Но милитаризм, фиксируя уникальность советской государственной организации, позволяет и сравнивать ее с государственными образованиями иного типа. Потому что сам по себе милитаризм ничего необычного собой не представляет: в разное время он имел место в самых разных странах. Он становится уникальным лишь тогда, когда мера милитаризации позволяет говорить о появлении нового исторического качества, аналогов не имевшего. Это новое качество и было продемонстрировано миру «первой страной победившего социализма».
Раньше милитаризм понимался как сдвиг экономической жизни в сторону увеличения расходов на армию и производство вооружений при одновременном насаждении в массовом сознании образа внешнего врага и предощущения неизбежной войны с ним. Но в сталинском СССР было не только это. Там было еще и то, что можно назвать милитаризацией повседневного жизненного уклада, т. е. выстраивание мирной жизни по военному образцу, что и позволяет говорить об уникальности советского типа государственности. Интересно, что некоторые немецкие идеологи предлагали Гитлеру заимствовать русский опыт милитаризации и героизации труда («административно-командную систему», как стали говорить во времена перестройки), но он к их советам не прислушался.

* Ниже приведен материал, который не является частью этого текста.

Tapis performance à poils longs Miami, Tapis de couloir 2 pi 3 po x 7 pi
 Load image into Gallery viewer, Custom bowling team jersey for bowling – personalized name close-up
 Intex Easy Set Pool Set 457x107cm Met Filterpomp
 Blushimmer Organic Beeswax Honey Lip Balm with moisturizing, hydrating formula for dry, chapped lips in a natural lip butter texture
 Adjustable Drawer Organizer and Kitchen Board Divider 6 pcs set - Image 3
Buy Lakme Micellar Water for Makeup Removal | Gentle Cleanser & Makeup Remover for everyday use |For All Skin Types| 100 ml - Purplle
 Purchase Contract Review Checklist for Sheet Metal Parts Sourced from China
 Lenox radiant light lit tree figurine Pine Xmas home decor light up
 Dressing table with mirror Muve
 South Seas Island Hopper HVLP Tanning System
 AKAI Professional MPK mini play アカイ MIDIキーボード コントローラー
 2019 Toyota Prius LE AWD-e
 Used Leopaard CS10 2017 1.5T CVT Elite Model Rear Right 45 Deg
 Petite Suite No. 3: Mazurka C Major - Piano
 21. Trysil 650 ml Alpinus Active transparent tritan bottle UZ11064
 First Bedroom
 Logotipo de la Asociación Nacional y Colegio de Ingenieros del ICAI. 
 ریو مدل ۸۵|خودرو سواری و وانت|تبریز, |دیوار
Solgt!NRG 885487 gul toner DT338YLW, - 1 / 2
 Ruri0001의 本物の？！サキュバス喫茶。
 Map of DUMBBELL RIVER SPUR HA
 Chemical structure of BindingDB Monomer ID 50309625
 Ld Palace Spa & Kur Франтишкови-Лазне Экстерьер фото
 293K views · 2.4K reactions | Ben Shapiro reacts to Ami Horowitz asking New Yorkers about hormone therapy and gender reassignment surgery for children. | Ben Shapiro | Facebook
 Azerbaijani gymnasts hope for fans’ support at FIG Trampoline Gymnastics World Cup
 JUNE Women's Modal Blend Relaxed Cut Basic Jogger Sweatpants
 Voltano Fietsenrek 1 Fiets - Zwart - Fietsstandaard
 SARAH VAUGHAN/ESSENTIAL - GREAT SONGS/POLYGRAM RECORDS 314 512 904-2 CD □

Почему же в Советском Союзе стало возможным то, что до того считалось немыслимым? Это стало возможным потому, что большевики получили в наследство культуру народного (прежде всего – крестьянского) большинства, в которой ценности военной и мирной жизни не были расчленены. Речь, разумеется, идет не о том, что в глазах населения не было никакой разницы между крестьянином-хлебопашцем и воином. И, тем более, не о том, что мирный и ратный труд в его сознании как-то совмещались. Наоборот, когда русским крестьянам такое совмещение было навязано посредством организации военных поселений, их возмущению не было границ. И от рекрутчины они были отнюдь не в восторге. Речь идет о том, что по военной модели выстраивались отношения людей с государством и что политической альтернативы этой модели в народной культуре изначально не было, а ее формирование властями блокировалось.
Славянофилы в свое время правильно указали на негосударственный, неполитический характер этой культуры. Но они не заметили, что она была догосударственной и дополитической, так как именно в таком состоянии столетиями консервировалась властями. Не заметили они и того, что в вопросах, касающихся отношений населения с государством, в ней ценностно не отчленились друг от друга военная и мирная составляющие. Однако после советско-коммунистического эксперимента не замечать это – значит закрывать глаза на очевидное. И, соответственно, оставлять наше историческое сознание в том растрепанном состоянии, в котором оно сегодня находится.